Nous voilà donc partis pour le Col du Wettstein (alt. 884 m) au-dessus de Soultzeren dans la vallée de Munster.

 

Pendant notre trajet automobile jusqu’au point de départ de notre randonnée, nous scrutons les sommets. Ils ont l’air bien enneigés.

 

Alors que nous nous engageons dans la vallée de Munster, la tension monte.

 

Après avoir passé Wihr au Val, nous apercevons la silhouette altière du Rothenbachkopf qui barre le fond de la vallée. Nous traversons Munster et prenons la direction du Col de la Schlucht. Après avoir traversé Soultzeren, nous bifurquons à droite en direction du Col du Wettstein. La route en lacets nous offre de beaux points de vue. Bientôt nous atteignons le col du Wettstein, point de départ de notre randonnée.

 

Il est 9 h 48 lorsque nous nous mettons en route. Un groupe de randonneurs nous précède.
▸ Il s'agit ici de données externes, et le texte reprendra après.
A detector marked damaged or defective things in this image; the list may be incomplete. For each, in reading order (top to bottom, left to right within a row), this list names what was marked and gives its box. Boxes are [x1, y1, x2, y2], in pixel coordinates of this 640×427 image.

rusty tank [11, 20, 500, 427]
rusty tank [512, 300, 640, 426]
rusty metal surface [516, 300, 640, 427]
Dès les premiers mètres, nous montons par un chemin forestier assez raide. Heureusement, nous arrivons rapidement sur un plateau.

 

   

Lorsque nous débouchons de la forêt, un magnifique panorama s’offre à nos yeux. La montagne a revêtu sa belle pelisse blanche. On distingue au loin le Hohneck flanqué du Petit Hohneck. On devine le cirque glaciaire du Frankenthal et le couloir du Falimont.

 

 

 

Au fond de la scène, les Alpes sont au rendez-vous, telles une armée en marche. 

 

 

Nous passons au-dessus du hameau des Hautes Huttes (alt. 987 m).

 

  
 

Nous longeons le flanc sud du Haufenwannkopf.

 

Le sentier est pentu et accidenté. La couche neigeuse est de plus en plus épaisse. Elle craque délicieusement sous nos pieds. Par endroits, la neige cache des rochers dont nous devons nous méfier car ils sont verglacés.

 

  

Nous dépassons le groupe de randonneurs qui nous précédait, non sans avoir échangé quelques civilités.

Nous parvenons au lieu-dit « Altenkray » (alt. 1 080 m).

 

 

 

Nous passons à côté de la ferme-auberge du Kreywasen.

 

 

De là, un large chemin forestier nous mène jusqu’au Lac des Truites qui est aussi appelé Lac du Forlet, déformation du mot allemand " Forelle " qui signifie " Truite ".

 

 

 

C’est le plus haut lac du massif vosgien avec ses 1 066m d'altitude. Il est situé dans un magnifique cirque glaciaire, dominé par les crêtes et les Hautes Chaumes.

 

 

Mes compagnons sont émerveillés. Nous regardons tout autour de nous.

 


Nous contournons le lac par la gauche. Des traces de gibier mènent à la forêt toute proche.

 

 

Au-dessus de nous, les falaises abruptes du Gazon de Faing semblent grignoter le ciel bleu.

 

 

Nous pénétrons dans un monde minéral enveloppé de blanc.

 

 

Je désigne à mes compagnons le couloir par lequel nous allons accéder à la crête.

 

 

Nous montons à la ferme-auberge du Forlet située au-dessus du lac. Nous croisons un jeune couple accompagné d’un jeune Labrador qui nous fait la fête. Ils nous demandent où nous allons. Raphaël leur indique que nous avons l’intention de monter sur la crête. Ils nous informent que le mauvais temps est annoncé pour cet après-midi. On verra bien.

 

 

Derrière la ferme-auberge, une passerelle en bois a été aménagée par le Club Vosgien.

 

 

Nous abordons à présent un chemin assez raide.

 

 

Par endroits, des marches sont aménagées. Il faut parfois lever le pied assez haut.

 

 

Nous prenons rapidement de l’altitude. Raphaël marque une pause et en profite pour boire. En montagne, la hâte n'est pas une vertu. Nous en profitons pour admirer le paysage qui s'étale à nos pieds, tel un livre ouvert.

 

 

Chacun de nous monte à son rythme, mais nous sommes animés de la même énergie, partageant le même plaisir de marcher dans l'immensité blanche, libres, tellement libres.   

 

 

Nous croisons une jeune femme qui vient du col de la Schlucht. Elle nous informe que la couche neigeuse est assez importante sur les crêtes.

 

 

Au fur et à mesure que nous montons, les arbres deviennent rares. Nous sommes poussés par le désir secret de découvrir les multiples aspects de la nature.

 

 

Nous débouchons à gauche de l’Altenkraehkopf  (alt. 1 277 m). 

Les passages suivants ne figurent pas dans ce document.